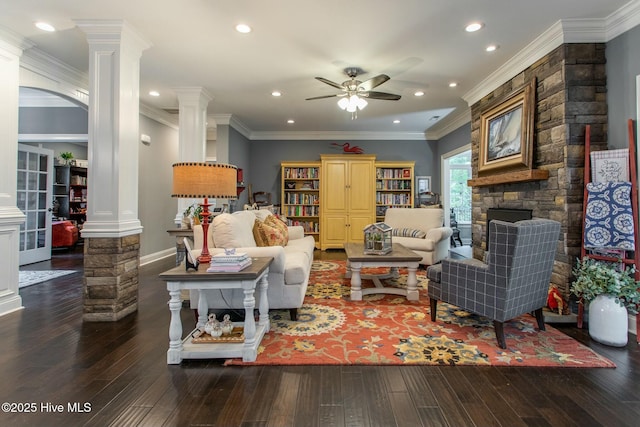 living room with ceiling fan, a stone fireplace, wood finished floors, ornamental molding, and ornate columns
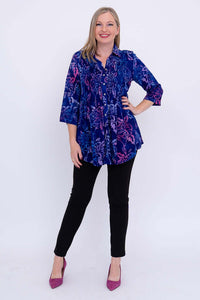 Woman posing front on in blue and purple floral tunic top and black pants
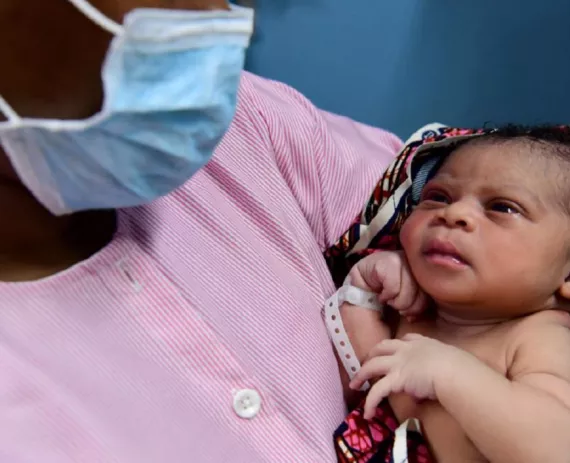 This image shows a healthworker holding a child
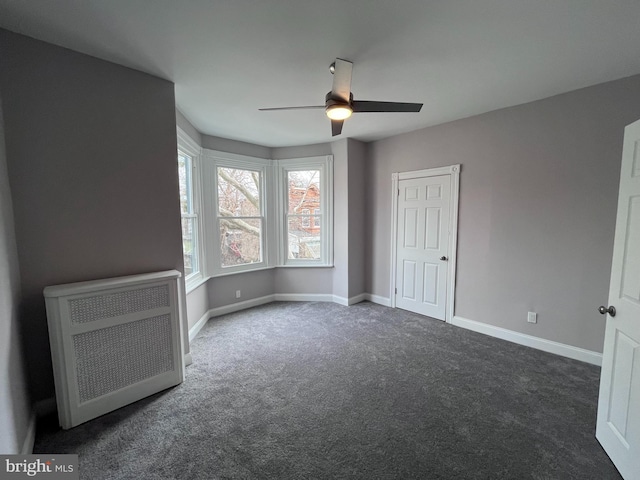 unfurnished bedroom featuring a ceiling fan, dark colored carpet, heating unit, and baseboards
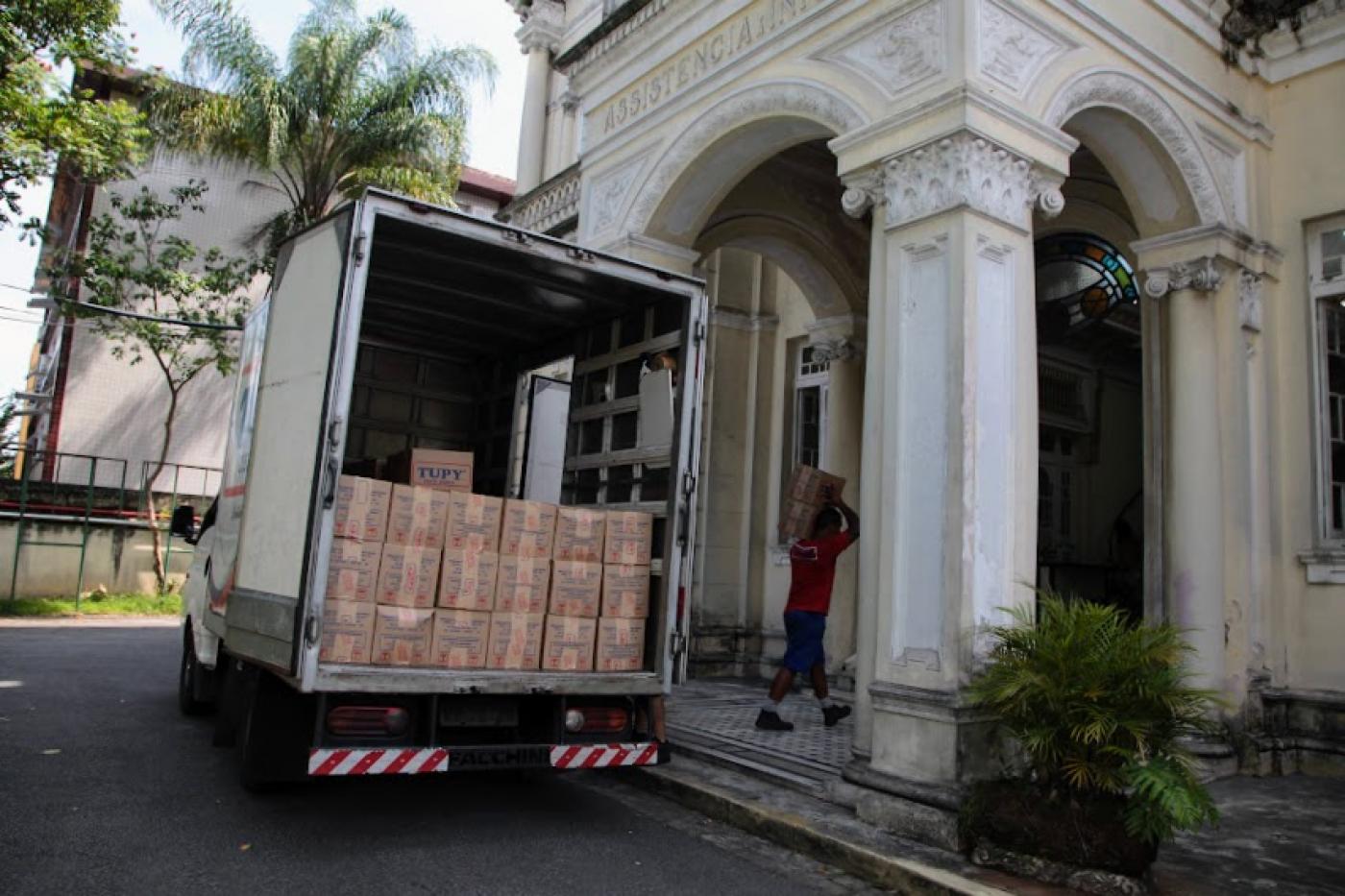 caminhão cheio de cestas básicas com a porta de trás aberta. Ao fundo, um homem carrega uma caixa para dentro de um prédio. #paratodosverem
* * * * * * *
# What needs to be done
Starting at the line that contains "unfurnished bedroom featuring" and ending at the final line of the data, reproduce each line exactly. Pictures stay out of the copy.

# Answer box
 unfurnished bedroom featuring a ceiling fan, dark colored carpet, heating unit, and baseboards
 caminhão cheio de cestas básicas com a porta de trás aberta. Ao fundo, um homem carrega uma caixa para dentro de um prédio. #paratodosverem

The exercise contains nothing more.